Video Card Comparison - GPUReview.com

You can't directly compare the two cards and their amount of cores since AMD splits their cores into 3 operations and NVIDIA uses unified cores


----------



## MarkNAndrews (Mar 29, 2012)

*Re: Compatible Graphics Card for Intel DG31PR*

Oh Thanks McNinja for guidance,

HD6570 is much better than others in the same budget.


I want to know about PCI & PCI-E x16. Can I have the difference??

Regards,


----------



## Tyree (May 10, 2009)

*Re: Compatible Graphics Card for Intel DG31PR*

You want the PCI-E x16


----------



## McNinja (Jun 22, 2008)

*Re: Compatible Graphics Card for Intel DG31PR*

PCI max capcity according to wikipedia is:

https://en.wikipedia.org/wiki/Conventional_PCI


> 133 MB/s (32-bit at 33 MHz)
> 266 MB/s (32-bit at 66 MHz or 64-bit at 33 MHz)
> 533 MB/s (64-bit at 66 MHz)


PCI-E for current speeds are thus: (PCI-E 4.0 is not out yet and cards are not even able to to saturate the PCI-E 2.0 spec yet.)

https://en.wikipedia.org/wiki/PCI_Express


> Per lane (each direction):
> 
> v1.x: 250 MB/s (2.5 GT/s)
> v2.x: 500 MB/s (5 GT/s)
> ...


That's with current PCI-E 3.0 lanes (16 per slot) at 985 mb/s.

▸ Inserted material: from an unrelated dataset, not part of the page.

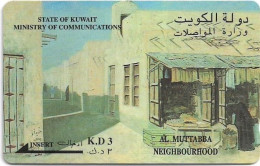 Kuwait - (GPT) - Al Muttabba Neighborhood - 17KWTC (Dashed Ø) - 1993, 3KD, Used - Koweït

https://en.wikipedia.org/wiki/PCI_Express


> 16 lane slot (each direction):
> 
> v1.x: 4 GB/s (40 GT/s)
> v2.x: 8 GB/s (80 GT/s)
> ...


As you can see PCI-E far outstrips PCI bandwidth by a giant margin.


----------



## MarkNAndrews (Mar 29, 2012)

*Re: Compatible Graphics Card for Intel DG31PR*

Thanks for the help guys. Marking as solved.

Regards,
Mark


----------



## Tyree (May 10, 2009)

You're welcome and best of luck.


----------